Product Announcements

Using both Storage I/O Control & Network I/O Control for NFS

Many of these blog articles arise from conversations I have with folks both internally at VMware & externally in the community. This post is another such example. What I really like about this job is that it gets me thinking about a lot of stuff that I normally take for granted. The question this time was around using both Storage I/O Control (SIOC) & Network I/O Control (NIOC) for NFS traffic & Virtual Machines residing on NFS datastores, and could they possibly step on each others toes, so to speak.

The answer is no, the technologies are complementary. Let me try to explain how.

First off, let's have a brief overview of what the technologies do.

Intro to Storage I/O Control (SIOC)

SIOC was covered in a previous blog post. Details can be found here – http://blogs.vmware.com/vsphere/2011/09/storage-io-control-enhancements.html. In a nutshell, if SIOC detects that a pre-defined latency threshold for a particular datastore has been exceeded, it will throttle the amount of I/O a VM can queue to that datastore based on a 'shares' mechanism. When the contention is alleviated, SIOC will stop and VMs can then begin to use the datastore without any throttling. This avoids the 'noisy neighbor' problems when one VM can hog all the bandwidth to a shared datastore. The point to note here is that SIOC is working on a per VM basis, and deals with datastore objects.

SIOC was first introduced in vSphere 4.1, but only for block storage devices (FC, iSCSI, FCoE) only. In vSphere 5.0, we introduced SIOC support for NFS datastores.

Intro to Network I/O Control (NIOC)

There is a nice overview of NIOC on the networking blog here – http://blogs.vmware.com/networking/2010/07/got-network-io-control.html. Again, in a nutshell, NetIOC allows you to  define a guaranteed bandwidth for different vSphere network traffic types.
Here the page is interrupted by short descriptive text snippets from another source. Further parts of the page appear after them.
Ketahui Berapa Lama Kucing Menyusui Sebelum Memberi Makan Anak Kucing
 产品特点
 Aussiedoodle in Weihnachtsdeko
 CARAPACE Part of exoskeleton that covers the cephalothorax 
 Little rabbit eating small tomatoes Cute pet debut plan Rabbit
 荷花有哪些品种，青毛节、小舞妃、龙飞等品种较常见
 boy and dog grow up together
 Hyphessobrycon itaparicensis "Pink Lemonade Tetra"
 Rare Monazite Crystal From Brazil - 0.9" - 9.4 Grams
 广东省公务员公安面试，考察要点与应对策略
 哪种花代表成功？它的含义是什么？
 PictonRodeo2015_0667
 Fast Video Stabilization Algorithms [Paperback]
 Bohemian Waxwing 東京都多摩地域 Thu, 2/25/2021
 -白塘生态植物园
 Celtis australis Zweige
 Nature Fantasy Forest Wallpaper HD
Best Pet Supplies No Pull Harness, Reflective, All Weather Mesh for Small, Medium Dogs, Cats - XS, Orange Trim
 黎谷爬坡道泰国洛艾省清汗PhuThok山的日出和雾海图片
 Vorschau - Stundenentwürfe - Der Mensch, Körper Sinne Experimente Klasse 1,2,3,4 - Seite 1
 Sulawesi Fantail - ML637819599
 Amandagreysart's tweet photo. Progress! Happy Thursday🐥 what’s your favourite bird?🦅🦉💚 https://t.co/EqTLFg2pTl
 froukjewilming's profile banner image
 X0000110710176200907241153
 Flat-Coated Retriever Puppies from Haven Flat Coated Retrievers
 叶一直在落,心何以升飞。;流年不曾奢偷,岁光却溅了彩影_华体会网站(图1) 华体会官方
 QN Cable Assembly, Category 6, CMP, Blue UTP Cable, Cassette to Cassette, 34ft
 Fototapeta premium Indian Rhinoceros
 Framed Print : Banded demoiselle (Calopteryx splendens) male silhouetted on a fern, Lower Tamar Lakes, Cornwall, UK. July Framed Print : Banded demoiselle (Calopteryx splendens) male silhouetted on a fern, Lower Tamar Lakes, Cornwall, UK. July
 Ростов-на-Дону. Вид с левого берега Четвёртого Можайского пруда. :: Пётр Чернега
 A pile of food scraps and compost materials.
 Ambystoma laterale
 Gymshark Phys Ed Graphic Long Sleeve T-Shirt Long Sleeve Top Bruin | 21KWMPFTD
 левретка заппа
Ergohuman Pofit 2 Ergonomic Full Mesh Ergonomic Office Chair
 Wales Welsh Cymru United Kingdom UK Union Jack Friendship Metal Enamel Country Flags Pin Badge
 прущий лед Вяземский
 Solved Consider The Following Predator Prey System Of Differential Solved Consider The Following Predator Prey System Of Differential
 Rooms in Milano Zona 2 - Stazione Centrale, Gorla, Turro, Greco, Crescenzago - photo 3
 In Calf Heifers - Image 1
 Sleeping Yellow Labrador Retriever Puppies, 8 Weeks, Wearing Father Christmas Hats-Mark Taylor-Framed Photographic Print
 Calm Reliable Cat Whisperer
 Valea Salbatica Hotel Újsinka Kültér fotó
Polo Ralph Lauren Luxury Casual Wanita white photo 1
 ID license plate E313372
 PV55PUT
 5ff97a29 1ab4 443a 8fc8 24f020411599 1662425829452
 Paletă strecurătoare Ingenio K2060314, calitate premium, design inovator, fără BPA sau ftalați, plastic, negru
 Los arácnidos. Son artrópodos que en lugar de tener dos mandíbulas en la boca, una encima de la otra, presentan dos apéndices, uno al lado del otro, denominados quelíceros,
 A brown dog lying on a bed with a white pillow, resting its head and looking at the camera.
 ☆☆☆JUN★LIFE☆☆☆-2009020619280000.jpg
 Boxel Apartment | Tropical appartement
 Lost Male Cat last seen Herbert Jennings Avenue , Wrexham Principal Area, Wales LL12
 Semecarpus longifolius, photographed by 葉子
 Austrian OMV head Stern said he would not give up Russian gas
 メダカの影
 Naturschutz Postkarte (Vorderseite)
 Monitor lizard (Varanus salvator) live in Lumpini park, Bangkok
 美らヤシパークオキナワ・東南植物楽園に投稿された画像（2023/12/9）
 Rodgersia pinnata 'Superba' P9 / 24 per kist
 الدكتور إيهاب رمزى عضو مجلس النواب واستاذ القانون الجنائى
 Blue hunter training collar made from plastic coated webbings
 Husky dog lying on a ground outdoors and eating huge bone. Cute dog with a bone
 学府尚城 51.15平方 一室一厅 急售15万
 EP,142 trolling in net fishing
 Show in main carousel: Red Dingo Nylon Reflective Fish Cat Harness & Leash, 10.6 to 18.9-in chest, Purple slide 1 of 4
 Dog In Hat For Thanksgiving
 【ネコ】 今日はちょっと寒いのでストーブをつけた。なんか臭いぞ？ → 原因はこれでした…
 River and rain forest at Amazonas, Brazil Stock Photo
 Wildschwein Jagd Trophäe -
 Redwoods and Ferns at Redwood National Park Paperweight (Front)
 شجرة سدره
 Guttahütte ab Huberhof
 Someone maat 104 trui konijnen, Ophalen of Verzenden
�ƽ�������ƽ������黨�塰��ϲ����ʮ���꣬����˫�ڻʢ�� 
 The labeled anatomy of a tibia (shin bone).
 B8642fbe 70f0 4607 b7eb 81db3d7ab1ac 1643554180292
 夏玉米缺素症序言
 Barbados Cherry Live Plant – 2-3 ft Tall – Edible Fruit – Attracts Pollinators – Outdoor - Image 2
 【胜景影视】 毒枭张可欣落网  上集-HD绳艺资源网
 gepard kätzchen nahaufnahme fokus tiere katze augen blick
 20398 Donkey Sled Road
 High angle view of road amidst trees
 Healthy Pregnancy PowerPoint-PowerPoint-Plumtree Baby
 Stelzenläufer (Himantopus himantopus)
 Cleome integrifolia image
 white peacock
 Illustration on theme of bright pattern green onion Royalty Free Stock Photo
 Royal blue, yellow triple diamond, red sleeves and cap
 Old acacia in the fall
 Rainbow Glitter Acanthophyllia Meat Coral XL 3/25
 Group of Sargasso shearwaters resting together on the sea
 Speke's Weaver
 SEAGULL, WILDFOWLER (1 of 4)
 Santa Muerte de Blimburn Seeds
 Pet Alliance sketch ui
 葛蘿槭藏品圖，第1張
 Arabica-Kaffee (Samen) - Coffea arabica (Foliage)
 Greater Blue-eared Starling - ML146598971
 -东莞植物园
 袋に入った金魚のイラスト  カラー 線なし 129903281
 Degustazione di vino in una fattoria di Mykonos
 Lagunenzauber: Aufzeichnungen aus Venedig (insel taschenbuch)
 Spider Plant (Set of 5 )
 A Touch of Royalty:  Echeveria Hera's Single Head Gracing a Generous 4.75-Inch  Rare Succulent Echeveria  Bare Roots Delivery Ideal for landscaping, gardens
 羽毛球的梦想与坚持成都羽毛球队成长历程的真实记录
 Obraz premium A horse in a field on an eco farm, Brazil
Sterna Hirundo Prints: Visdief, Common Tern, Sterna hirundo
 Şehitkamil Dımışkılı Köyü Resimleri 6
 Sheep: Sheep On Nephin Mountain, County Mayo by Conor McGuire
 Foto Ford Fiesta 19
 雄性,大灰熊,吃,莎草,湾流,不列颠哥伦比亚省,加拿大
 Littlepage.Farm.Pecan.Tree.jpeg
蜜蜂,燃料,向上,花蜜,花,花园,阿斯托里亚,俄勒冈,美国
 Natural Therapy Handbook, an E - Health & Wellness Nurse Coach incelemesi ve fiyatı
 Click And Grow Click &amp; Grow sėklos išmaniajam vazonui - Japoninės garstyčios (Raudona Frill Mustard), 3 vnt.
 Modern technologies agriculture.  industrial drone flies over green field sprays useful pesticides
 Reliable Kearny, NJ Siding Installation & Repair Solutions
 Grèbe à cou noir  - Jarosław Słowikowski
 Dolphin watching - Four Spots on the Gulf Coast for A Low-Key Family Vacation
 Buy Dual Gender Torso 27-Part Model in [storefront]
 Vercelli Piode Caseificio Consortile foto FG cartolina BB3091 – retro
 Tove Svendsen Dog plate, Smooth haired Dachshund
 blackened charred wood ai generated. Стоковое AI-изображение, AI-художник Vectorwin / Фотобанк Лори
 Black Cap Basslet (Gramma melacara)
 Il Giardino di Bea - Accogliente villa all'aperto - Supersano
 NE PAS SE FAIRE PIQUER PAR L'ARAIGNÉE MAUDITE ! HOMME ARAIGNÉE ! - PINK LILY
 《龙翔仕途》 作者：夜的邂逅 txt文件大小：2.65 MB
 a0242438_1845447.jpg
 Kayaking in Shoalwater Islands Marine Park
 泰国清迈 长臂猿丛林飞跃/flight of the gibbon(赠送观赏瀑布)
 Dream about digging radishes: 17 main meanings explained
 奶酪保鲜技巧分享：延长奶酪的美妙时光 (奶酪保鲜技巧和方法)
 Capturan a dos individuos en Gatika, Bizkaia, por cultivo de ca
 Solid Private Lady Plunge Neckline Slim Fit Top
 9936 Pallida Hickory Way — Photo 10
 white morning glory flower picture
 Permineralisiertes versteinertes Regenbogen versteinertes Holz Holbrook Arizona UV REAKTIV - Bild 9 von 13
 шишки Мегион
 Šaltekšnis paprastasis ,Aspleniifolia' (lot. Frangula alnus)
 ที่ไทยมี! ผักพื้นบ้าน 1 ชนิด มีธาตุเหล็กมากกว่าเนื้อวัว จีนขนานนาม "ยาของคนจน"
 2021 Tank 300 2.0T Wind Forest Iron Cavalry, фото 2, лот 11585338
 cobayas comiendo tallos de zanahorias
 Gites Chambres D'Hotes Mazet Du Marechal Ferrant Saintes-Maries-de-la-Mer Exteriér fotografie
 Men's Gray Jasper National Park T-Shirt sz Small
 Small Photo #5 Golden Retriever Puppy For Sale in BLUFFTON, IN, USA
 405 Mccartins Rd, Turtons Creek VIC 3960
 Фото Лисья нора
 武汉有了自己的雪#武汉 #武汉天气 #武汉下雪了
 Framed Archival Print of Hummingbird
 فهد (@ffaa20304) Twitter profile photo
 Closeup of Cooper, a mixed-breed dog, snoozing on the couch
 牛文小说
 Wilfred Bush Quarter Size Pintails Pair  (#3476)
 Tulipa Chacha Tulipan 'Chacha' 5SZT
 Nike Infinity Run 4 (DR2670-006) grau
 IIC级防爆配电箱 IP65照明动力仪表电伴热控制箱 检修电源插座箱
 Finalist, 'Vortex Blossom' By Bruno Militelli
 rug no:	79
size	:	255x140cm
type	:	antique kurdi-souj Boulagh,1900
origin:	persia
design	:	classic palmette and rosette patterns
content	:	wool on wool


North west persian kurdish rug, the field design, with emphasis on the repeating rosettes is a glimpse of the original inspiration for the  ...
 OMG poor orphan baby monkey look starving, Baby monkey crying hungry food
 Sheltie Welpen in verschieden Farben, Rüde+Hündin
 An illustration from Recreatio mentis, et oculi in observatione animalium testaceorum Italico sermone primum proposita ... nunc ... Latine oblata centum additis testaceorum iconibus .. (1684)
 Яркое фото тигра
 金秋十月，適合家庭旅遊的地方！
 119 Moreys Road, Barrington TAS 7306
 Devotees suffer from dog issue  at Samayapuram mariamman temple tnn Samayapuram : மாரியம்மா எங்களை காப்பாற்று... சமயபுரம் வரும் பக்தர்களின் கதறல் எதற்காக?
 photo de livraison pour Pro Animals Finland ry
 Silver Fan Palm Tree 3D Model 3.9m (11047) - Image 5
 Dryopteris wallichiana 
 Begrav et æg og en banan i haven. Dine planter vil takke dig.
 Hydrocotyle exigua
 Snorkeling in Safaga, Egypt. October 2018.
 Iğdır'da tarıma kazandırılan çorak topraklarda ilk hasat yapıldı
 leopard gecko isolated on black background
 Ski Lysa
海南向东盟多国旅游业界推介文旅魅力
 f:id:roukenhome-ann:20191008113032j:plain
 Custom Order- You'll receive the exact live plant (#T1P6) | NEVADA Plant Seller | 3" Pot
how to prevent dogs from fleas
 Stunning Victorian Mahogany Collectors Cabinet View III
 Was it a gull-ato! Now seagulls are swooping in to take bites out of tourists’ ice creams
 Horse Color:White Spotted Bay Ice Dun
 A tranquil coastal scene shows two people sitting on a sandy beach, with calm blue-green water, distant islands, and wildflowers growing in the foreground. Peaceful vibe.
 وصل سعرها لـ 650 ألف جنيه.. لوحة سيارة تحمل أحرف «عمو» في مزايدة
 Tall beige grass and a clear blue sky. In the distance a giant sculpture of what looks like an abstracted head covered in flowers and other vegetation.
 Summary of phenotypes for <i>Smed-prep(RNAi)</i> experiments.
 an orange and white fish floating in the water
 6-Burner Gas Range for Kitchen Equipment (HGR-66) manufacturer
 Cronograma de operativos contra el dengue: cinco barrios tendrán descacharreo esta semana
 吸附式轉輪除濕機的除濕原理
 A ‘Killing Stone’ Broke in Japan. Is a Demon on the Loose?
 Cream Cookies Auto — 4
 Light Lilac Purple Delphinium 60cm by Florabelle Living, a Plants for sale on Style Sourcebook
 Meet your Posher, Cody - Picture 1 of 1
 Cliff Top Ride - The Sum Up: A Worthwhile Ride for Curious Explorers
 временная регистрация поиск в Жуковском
NIOC uses a software approach to partitioning physical network bandwidth among the different types of network traffic flows. For example, you can guarantee a minimum NFS bandwidth/latency when a vMotion operation is initiated on the same network & prevent the vMotion operation from having an impact on the NFS traffic flow. The point to note here is that NIOC is working on a network traffic stream, e.g. NFS, and deals with NIC ports.

SIOC & NIOC Together

Lets take a scenario where there are multiple VMs spread across multiple ESXi hosts, all sharing the same NFS datastore.

i) SIOC Use Case

For quite a while, we have been able to give bandwidth fairness to VMs running on the same host via the SFQ, the start-time fair queueing scheduler. This scheduler ensures share-based allocation of I/O resources between VMs on a per host basis. It is when we have VMs accessing the same datastore from different hosts that we've had to implement a distributed I/O scheduler. This is called PARDA, the Proportional Allocation of Resources for Distributed Storage Access. PARDA carves out the array queue amongst all the Virtual Machines which are sending I/O to the datastore on the array & adjusts the per host per datastore queue size depending on the sum of the per Virtual Machine shares on the host.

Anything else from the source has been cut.